How Hoagie Dom Became the Hoagie King of Philadelphia

With locally sourced meats, freshly baked bread, and a special ’nduja-laced mayo, hoagies from one man’s monthly pop-up have become Philly’s most in-demand sandwiches

“Philadelphia is the greatest sandwich city in the world,” says Dominic Rocconi, better known as Hoagie Dom. Rocconi’s declaration is both a confirmation of Philly’s culinary heritage and a promise: That’s because Hoagie Dom is a contender for the greatest sandwich maker in the city.

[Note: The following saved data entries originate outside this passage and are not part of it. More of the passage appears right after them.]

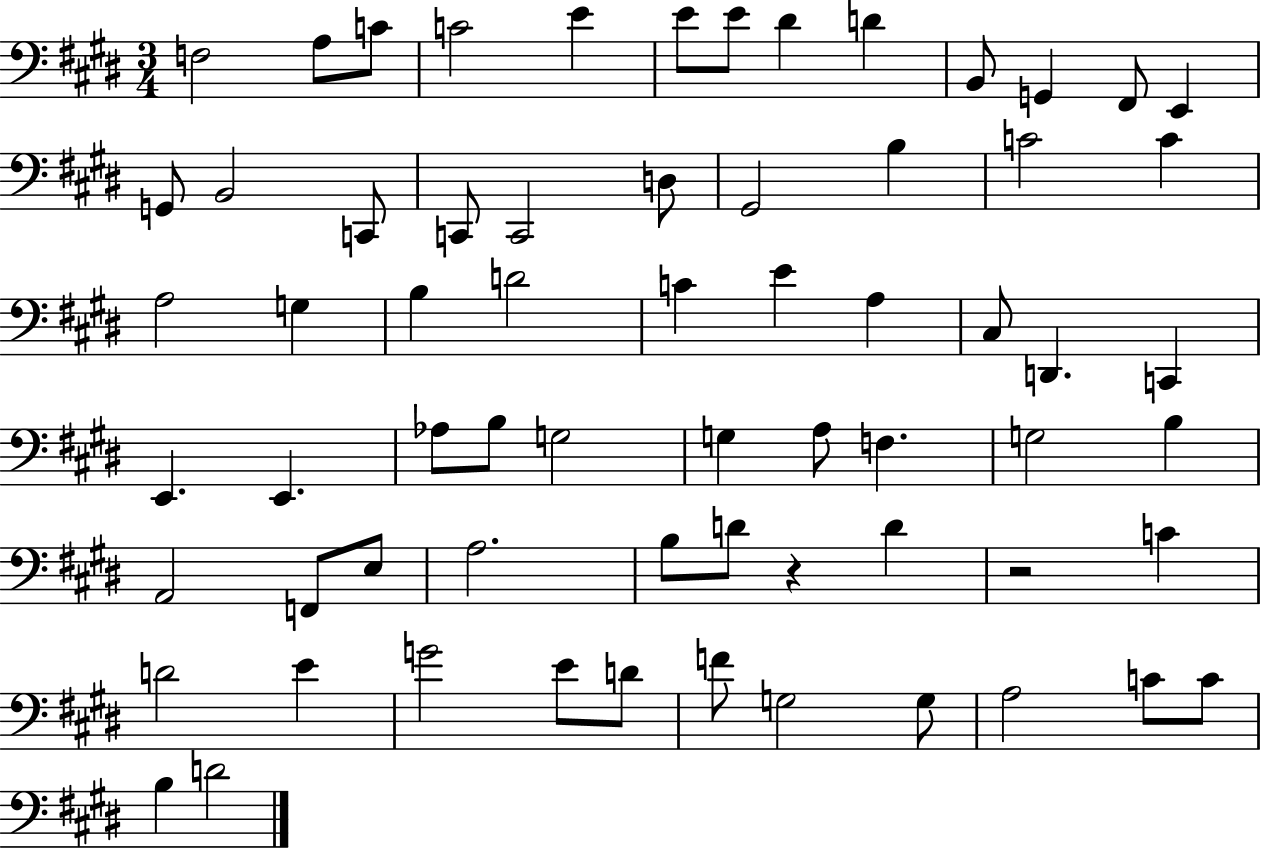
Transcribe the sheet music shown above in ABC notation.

X:1
T:Untitled
M:3/4
L:1/4
K:E
F,2 A,/2 C/2 C2 E E/2 E/2 ^D D B,,/2 G,, ^F,,/2 E,, G,,/2 B,,2 C,,/2 C,,/2 C,,2 D,/2 ^G,,2 B, C2 C A,2 G, B, D2 C E A, ^C,/2 D,, C,, E,, E,, _A,/2 B,/2 G,2 G, A,/2 F, G,2 B, A,,2 F,,/2 E,/2 A,2 B,/2 D/2 z D z2 C D2 E G2 E/2 D/2 F/2 G,2 G,/2 A,2 C/2 C/2 B, D2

So who or what is Hoagie Dom? It’s an occasional and sensational wildly popular pop-up, a cheeky and appetizing Instagram sandwich account with almost 18,000 followers, a love letter to Italian American foodways, and the alter ego of the visionary Philly-area native behind it all. His now-famous pop-ups sell out on Instagram in under a minute. Hoagie Dom is a dreamer, and Hoagie Dom is a riddle, wrapped in a mystery, stuffed in a roll.

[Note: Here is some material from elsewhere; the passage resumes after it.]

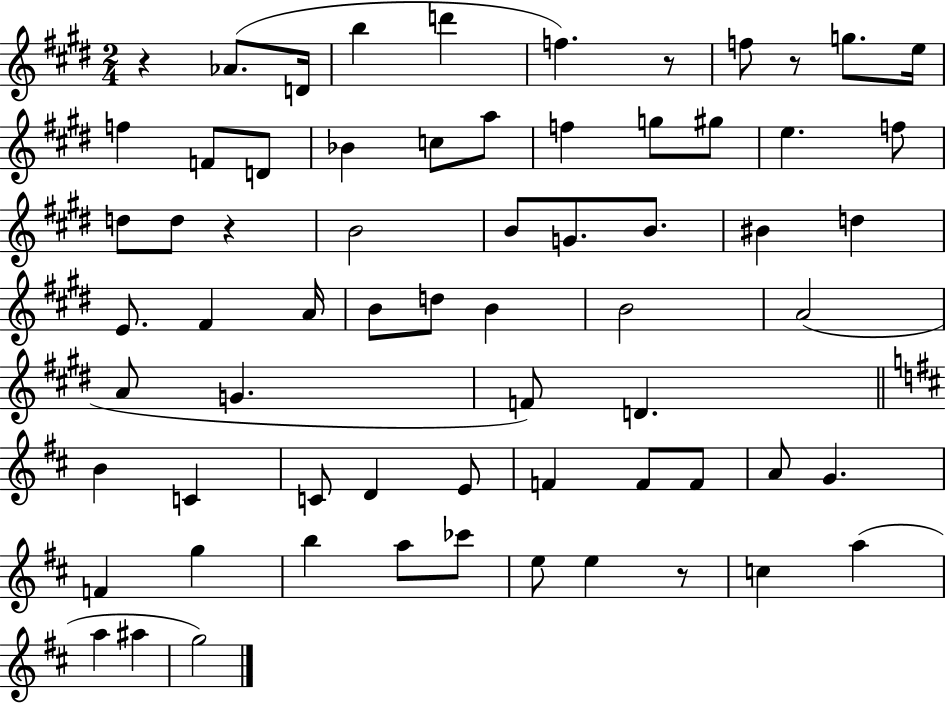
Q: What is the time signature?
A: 2/4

A man with a beard and wearing a food safety glove holds a hoagie wrapped in paper up to his ear like it’s a telephone.

Rocconi has held the Instagram account @hoagie_dom for many years and previously used it to review sandwiches from shops around the city. The humor and enthusiasm in his writing drew followers, and in 2019, he decided to go from describing other people’s hoagies to creating his own. The pandemic lockdown gave him time to perfect his craft and collaborations with companies like Tired Hands Brewing Company and Kismet Bagels, which put his sandwiches on the map. Now, with a self-styled “hoagie residency” at Bardot Cafe in Northern Liberties, Hoagie Dom is stepping into the spotlight.

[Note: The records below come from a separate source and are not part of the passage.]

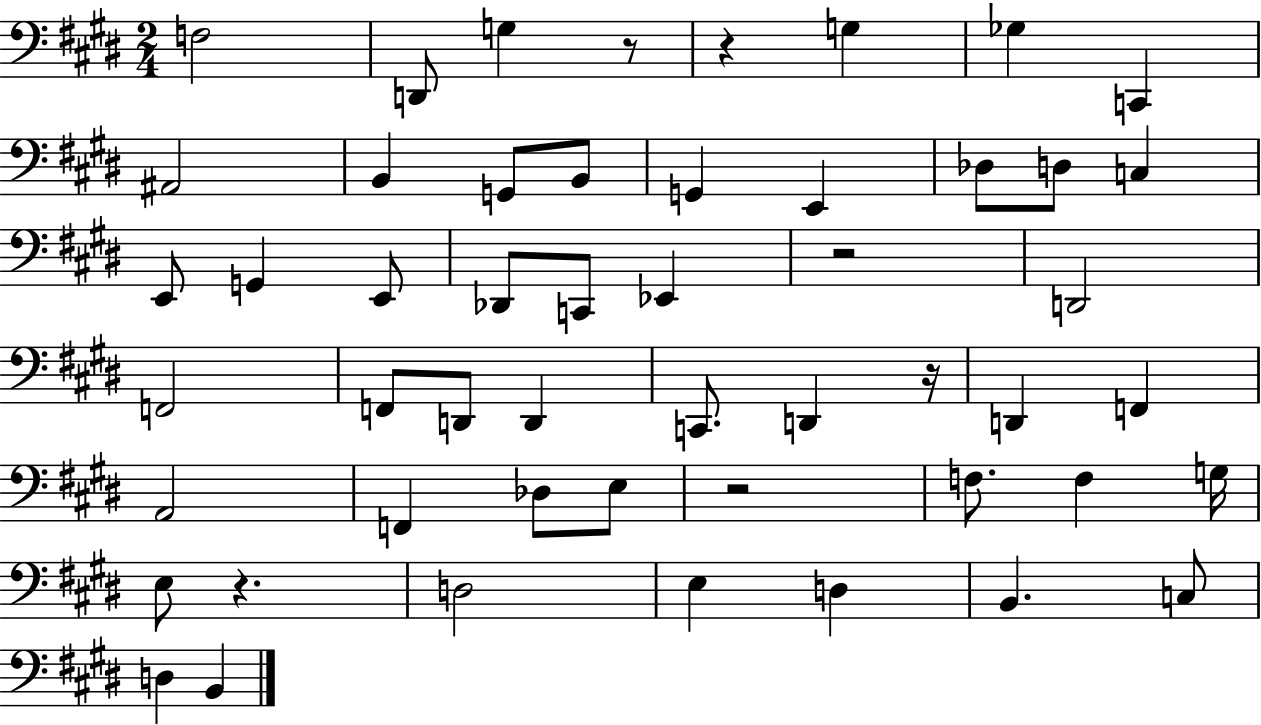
X:1
T:Untitled
M:2/4
L:1/4
K:E
F,2 D,,/2 G, z/2 z G, _G, C,, ^A,,2 B,, G,,/2 B,,/2 G,, E,, _D,/2 D,/2 C, E,,/2 G,, E,,/2 _D,,/2 C,,/2 _E,, z2 D,,2 F,,2 F,,/2 D,,/2 D,, C,,/2 D,, z/4 D,, F,, A,,2 F,, _D,/2 E,/2 z2 F,/2 F, G,/4 E,/2 z D,2 E, D, B,, C,/2 D, B,,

Rocconi is relentless in his pursuit of hoagie excellence. He specializes in classic Italian American combinations — think cold cuts, fried chicken cutlets, veal parmigiana — and pumps them up with high-quality ingredients and unexpected twists. He sources imported Italian cured meats and cheeses from Di Bruno Bros., but relies on Cooper sharp when it’s meant to melt. He bakes his own tangy and toothsome bread, an extra process that requires him to start work at 2 a.m., and pickles his own peppers. When he makes chicken cutlets, he coats them with love, not a speck of breading out of place. To guarantee that every sandwich is as fresh as possible, he allows a line cook to fry the cutlets but, other than that, this is a one-man operation. A striver and a gastronomic perfectionist, Rocconi compares himself to hometown hero pizza chef Joe Beddia and Jiro Ono of Jiro Dreams of Sushi fame. And he’s only half-joking.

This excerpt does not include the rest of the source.